I wanted a wireless, battery operated LCD display to keep track of rainwater tank volume, and decided to repurpose a cheap 434 MHz weather station. The RF protocols have been worked out for Oregon Scientific, Accurite and some LaCrosse units. The latter two protocols are very simple and similar to IR transmission protocols.
The display unit used here is a (discontinued) LaCrosse 9611, which I picked up for $2 with its companion remote temperature sensor TX6U at a thrift shop. See product page here. I had to spend some time working out the TX6U transmission protocol, which is still in use with other LaCrosse weather stations. The protocol is very similar but not identical to the TX3TH protocol described here. The message data is intended to be degrees Celsius*10, with an offset of 500 so in principle, 0-999 can be transmitted. The result is displayed as degrees C or F.
I used a $3 eBay Pro Mini connected to a cheap 434MHz transmitter via pin A3 to send data packets, and it works great! The data rate is very low, about 1 sample per minute, but that is fine for tank volume.

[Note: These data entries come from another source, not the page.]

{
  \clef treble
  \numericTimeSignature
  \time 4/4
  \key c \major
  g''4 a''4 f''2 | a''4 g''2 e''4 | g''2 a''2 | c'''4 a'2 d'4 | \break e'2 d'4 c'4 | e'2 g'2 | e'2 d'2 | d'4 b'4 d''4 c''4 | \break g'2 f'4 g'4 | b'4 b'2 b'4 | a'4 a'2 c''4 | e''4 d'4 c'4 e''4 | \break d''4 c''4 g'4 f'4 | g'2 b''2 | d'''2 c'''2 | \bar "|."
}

In the attached photo, there are currently 1090 gallons of water in the tank. A demo program to format and send arbitrary numbers in the range -499 to 500 is attached (displayed as -49.9 to 50.0 in lower right corner). I have not exhaustively examined the entire range of data transfer, so let me know if problems arise.
As a bonus, the weather unit tells atomic clock controlled time, predicts the weather and the little guy in the display tells me how to dress for out of doors!
Finally, the Oregon Scientific displays are very nice but the bit timing is absolutely critical, and I had a hard time making a reliable RF connection.
TX6U_send.ino (3.29 KB)
Clever...
Would it not be better to reuse the indoor temp (for tank volume) as presumably the little man is wrong if the temp isn't 10.9 deg outside 
Or even toggle the RWT volume in an out with actual outdoor temp every x minutes and get the best of both worlds....
That is a pretty cool idea!!
I had not thought of creating a new sensor and then having it mimic an existing protocol for completely different sensor so the console can be re-utilized. Maybe alternating that as suggested is also good. It would be funny to see the little man dressing up or down every minute as the temp and tank levels alternated (maybe temp +ve and RWT -ve?).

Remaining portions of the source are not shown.